Abstract Link to heading

Last time we looked into the weak points of State Space Models (Mamba, Mamba2), especially when compared with Attention-Based models (LLama, GPT-like). They lack in terms of in-context learning. To alleviate this, we focused on SSM-Transformer Hybrids and introduced multiple models that do this differently. Here we look into the expressivity of State Space Models from two formal perspectives. The first is from the perspective of Circuit complexity and later from the perspective of Formal Languages.

We cover the following two papers:

TLDR Link to heading

SSMs and Transformers have similar strengths and weaknesses; however, there is complementary synergy, giving a more theoretical reason for hybrid architectures.

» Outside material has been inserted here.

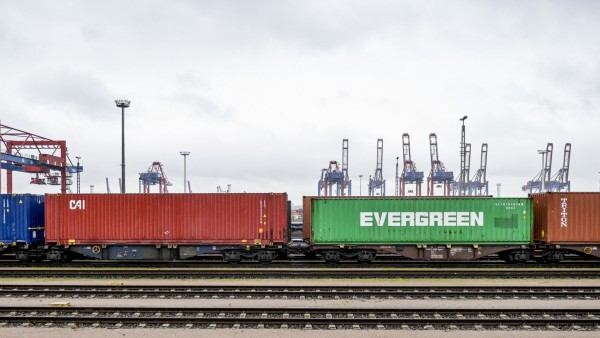 Containerverladung in Hamburg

Circuit Complexity Link to heading

Circuit complexity is a branch of computational complexity. We can view a circuit as a computational graph in Neural Networks, where each node is an operation with edges between nodes that are connected. In this article, there are two important classes of circuit complexity, $TC^0$ and $NC^1$.

$TC^0$ Link to heading

These are circuits that have bounded (constant) depth, we have no limit on the number of inputs (unbounded fan-in) and we can only use AND, OR and Threshold gates (the output of this gate is 1 if the sum of inputs exceeds a threshold, otherwise it is 0). The last constraint is that the size of the circuit is polynomial in the input length. The importance of this class is that problems that lie in this class can be extremely parallelized.

Example Link to heading

The canonical example is Integer multiplication. Following a divide-and-conquer style approach, we can take a sequence of integers, split them into smaller subsequences, multiply the subsequences to get intermediate results (this can be done in parallel) and finally multiply the intermediate values together. If we assume that we can at most multiply 2 integers at a time, we can compute the result in $\log_2 (n)$ steps.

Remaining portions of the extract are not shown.